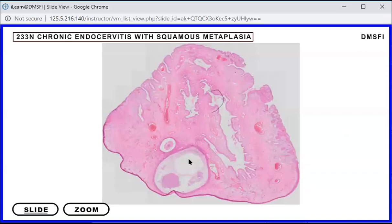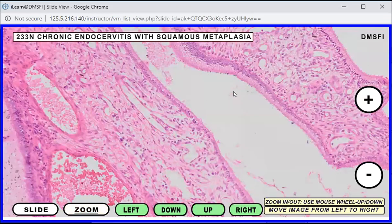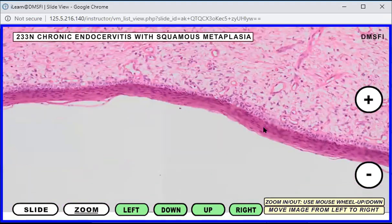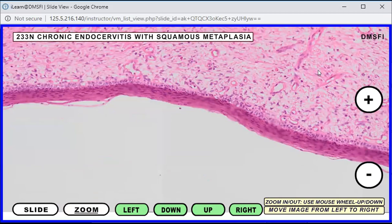So for squamous metaplasia, we have this cervical tissue. When you talk about metaplasia, this would be a reversible change that occurs when there's a transformation of one cell type to another cell type. Usually this is due to a coping mechanism for stress. Looking at the cervical tissue, we have two lining epithelia present: the mucosecretory columnar epithelium which lines the endocervix, and the ectocervix lined by stratified squamous epithelium.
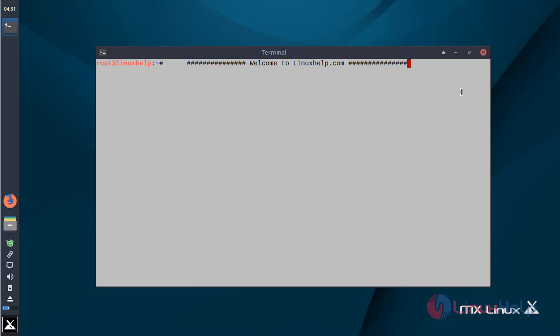Hello viewers, welcome to LinuxL.com. Now I am going to explain how to install Pinta application on MX Linux 17.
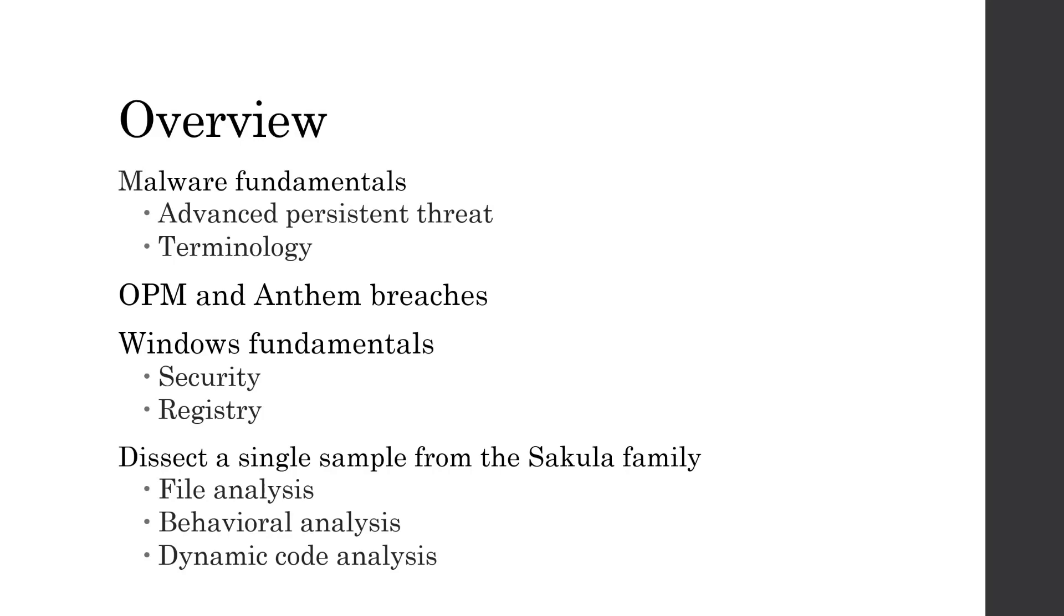We'll first start this presentation by talking about some malware fundamentals, which will cover advanced persistence threats and some overarching malware terminology.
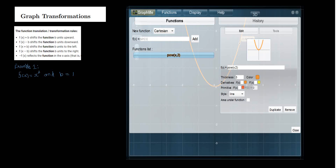In this lesson, we are going to talk about the graph of transformations. We are going to be looking at the example f of x equal to x squared and b equal to 1.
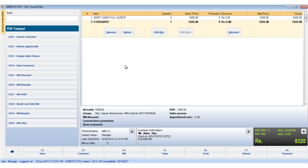As you can see there are two items displayed in the item display area ready to be billed. Now we would see how to operate each option in the bill button action list.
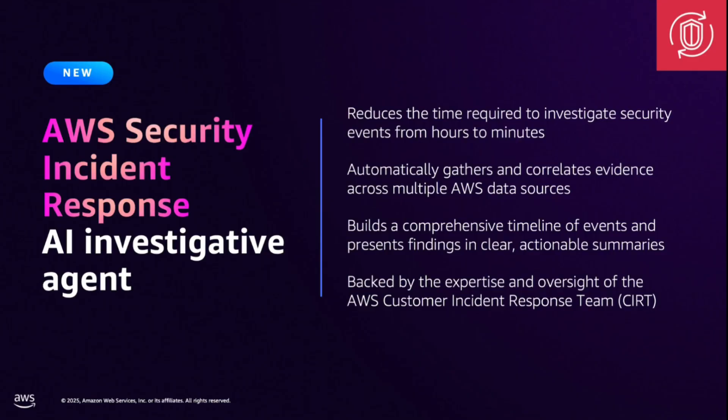Within minutes, you get a comprehensive investigation summary, with a timeline of events, indicators of compromise, affected resources, and recommended actions. So instead of spending hours on log analysis, you can focus on actually responding to the incident.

- - -

An exact copy of every record above is needed, with all pictures left out.

So for squamous metaplasia, we have this cervical tissue. When you talk about metaplasia, this would be a reversible change that occurs when there's a transformation of one cell type to another cell type. Usually this is due to a coping mechanism for stress. Looking at the cervical tissue, we have two lining epithelia present: the mucosecretory columnar epithelium which lines the endocervix, and the ectocervix lined by stratified squamous epithelium.
Hello viewers, welcome to LinuxL.com. Now I am going to explain how to install Pinta application on MX Linux 17.
We'll first start this presentation by talking about some malware fundamentals, which will cover advanced persistence threats and some overarching malware terminology.
In this lesson, we are going to talk about the graph of transformations. We are going to be looking at the example f of x equal to x squared and b equal to 1.
As you can see there are two items displayed in the item display area ready to be billed. Now we would see how to operate each option in the bill button action list.
Within minutes, you get a comprehensive investigation summary, with a timeline of events, indicators of compromise, affected resources, and recommended actions. So instead of spending hours on log analysis, you can focus on actually responding to the incident.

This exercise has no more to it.